In a chassis dynamometer test of fuel economy
in automatic transmission fluids (ATF), Evonik
demonstrated that comb polymers have a significant
advantage over conventional PAMA in terms of fuel
consumption. In each section of the New European
Driving Cycle (NEDC) and the Japanese driving cycle
JC08, a 6.0 cSt ATF formulated with a comb polymer
consumed less fuel than a 6.0 cSt ATF formulated
with a conventional PAMA, with up to a 1.2% overall
advantage in the NEDC. A 4.5 cSt ATF with comb
polymer was also tested, and while it offered lower
fuel consumption in most of the NEDC, it consumed
more than the 6.0 cSt ATF with comb polymer during
the extra-urban portion. Overall, in the “warmer” and
thus more challenging JC08, the 4.5 cSt ATF with comb
polymer actually consumed 0.1% more fuel than the
conventional PAMA, whereas the 6.0 cSt formulation
with the comb again offered a 0.5% fuel economy
advantage.
“We cannot at all recommend going to a 4.5 cSt
viscosity level,” Stoehr said, because during the
extra-urban driving portion of the NEDC and most of
the JC08, it was pushed into mixed lubrication, which
meant increased fuel consumption and increased
friction.
LONG-TERM PERFORMANCE
Regardless of the application of a viscosity modifier, its
purpose is to keep the engine oil’s viscosity in the right
range, no matter how stressed inside the engine. Phil
Hutchinson, Asia-Pacific technical manager at Evonik
Oil Additives, said “different viscosity index improvers
have different formulation viscosities, despite being
formulated in the same SAE grades.”
SAE J300 specifies both KV100 and HTHS150.

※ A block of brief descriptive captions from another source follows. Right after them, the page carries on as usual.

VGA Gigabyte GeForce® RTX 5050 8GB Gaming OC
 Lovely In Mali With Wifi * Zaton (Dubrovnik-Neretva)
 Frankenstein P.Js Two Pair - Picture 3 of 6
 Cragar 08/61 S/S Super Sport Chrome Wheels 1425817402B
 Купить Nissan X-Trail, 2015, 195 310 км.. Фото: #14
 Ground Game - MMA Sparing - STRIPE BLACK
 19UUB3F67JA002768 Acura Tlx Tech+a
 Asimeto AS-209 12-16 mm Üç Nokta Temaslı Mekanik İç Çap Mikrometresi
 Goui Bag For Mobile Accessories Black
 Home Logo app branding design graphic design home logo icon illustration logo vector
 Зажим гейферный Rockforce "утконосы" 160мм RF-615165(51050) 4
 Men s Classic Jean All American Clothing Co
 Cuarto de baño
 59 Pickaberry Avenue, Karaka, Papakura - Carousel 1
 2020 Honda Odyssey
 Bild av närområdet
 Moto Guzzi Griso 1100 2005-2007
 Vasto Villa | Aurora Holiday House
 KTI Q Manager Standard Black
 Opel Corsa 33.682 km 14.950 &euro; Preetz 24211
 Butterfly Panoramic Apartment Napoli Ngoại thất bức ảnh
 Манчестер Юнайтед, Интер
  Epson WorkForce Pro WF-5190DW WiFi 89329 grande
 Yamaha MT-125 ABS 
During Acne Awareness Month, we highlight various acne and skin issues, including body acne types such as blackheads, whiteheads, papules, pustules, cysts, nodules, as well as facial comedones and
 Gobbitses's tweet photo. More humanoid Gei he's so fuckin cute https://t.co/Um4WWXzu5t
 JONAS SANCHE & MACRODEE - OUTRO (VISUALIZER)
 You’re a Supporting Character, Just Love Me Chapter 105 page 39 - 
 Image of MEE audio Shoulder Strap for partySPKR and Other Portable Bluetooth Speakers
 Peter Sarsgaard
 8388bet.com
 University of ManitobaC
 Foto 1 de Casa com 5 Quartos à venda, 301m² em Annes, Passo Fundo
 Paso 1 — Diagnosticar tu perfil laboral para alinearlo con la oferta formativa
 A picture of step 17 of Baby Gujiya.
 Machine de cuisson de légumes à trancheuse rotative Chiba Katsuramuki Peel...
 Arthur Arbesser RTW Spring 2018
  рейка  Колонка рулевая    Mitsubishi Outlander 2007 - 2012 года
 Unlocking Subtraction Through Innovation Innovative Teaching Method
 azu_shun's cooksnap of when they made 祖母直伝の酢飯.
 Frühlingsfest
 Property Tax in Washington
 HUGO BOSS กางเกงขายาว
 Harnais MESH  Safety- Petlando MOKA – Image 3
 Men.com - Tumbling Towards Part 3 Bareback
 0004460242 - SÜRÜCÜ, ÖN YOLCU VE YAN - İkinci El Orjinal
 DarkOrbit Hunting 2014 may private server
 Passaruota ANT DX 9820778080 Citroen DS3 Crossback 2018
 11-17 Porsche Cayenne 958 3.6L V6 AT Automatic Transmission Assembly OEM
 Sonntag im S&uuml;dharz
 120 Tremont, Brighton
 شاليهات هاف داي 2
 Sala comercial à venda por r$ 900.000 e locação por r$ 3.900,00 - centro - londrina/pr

However, “Formulating to two viscosity targets, such
as HTHS and KV100, can actually force you into getting
a low-VI oil and poor fuel economy,” Hutchinson said.
In addition, KV100 is not a good indicator of viscosity
for modern engine oils, he said. For engine protection,
HTHS150 has taken over this role. When formulating
for fuel economy, a formulator needs to select the
Phil Hutchinson
viscosity measurement and temperature that best
represents fuel economy in the particular engine and
testing cycle being targeted, he said.
Different VMs can display dramatically different
viscosity values relevant to fuel economy, depending
on which viscosity value is measured. For instance,
Evonik found that four types of VMs (comb polymers,
PAMA, low ethylene-OCP and HSI stars) have very
similar viscosities when measured at 150 degree C
(HTHS), but widely different viscosities at KV40. The
comb VMs gave the lowest KV40 values, thickening
the least at the lower temperature, and incidentally
contributing 1.9% toward the 3-4% fuel economy gain.
Hutchinson’s point added another aspect to the
usual message about low viscosity oils: if an engine is
suitable to be lubricated with them, then yes, a gain in
fuel economy can result from low viscosity. “But which
viscosity?” Deciding which viscosity measurement
best represents their goals should be part of the
equation for all formulators, he said. Finally, looking
past the requirements in SAE J300 and extending tests
for longer periods will provide more insight into a
viscosity modifier’s long-term performance.